Task objective:
Retype, exactly as they appear below, the lines between the line holding "My little brother: *watches" and the line holding "me: | image", both ends included.

Supplied entries:
----------------------------------------

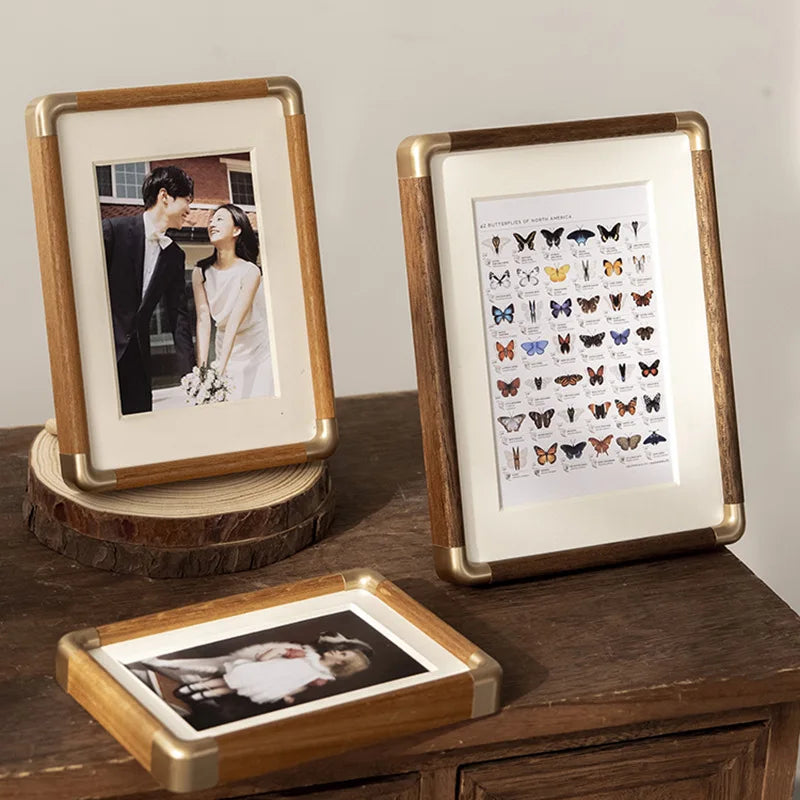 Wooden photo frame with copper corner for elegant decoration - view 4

----------------------------------------

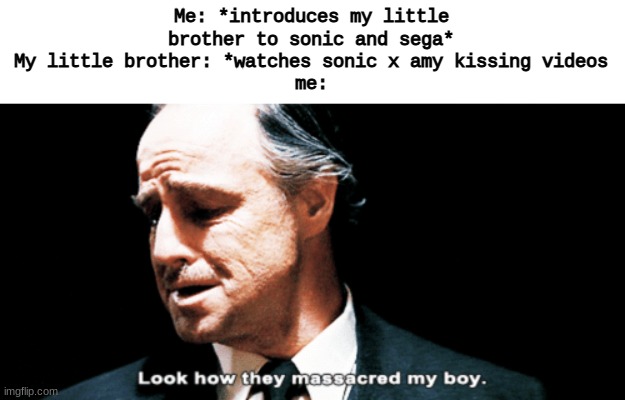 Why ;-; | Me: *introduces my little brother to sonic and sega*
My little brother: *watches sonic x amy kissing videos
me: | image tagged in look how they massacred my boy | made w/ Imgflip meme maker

----------------------------------------

Exercise output:
My little brother: *watches sonic x amy kissing videos
me: | image tagged in look how they massacred my boy | made w/ Imgflip meme maker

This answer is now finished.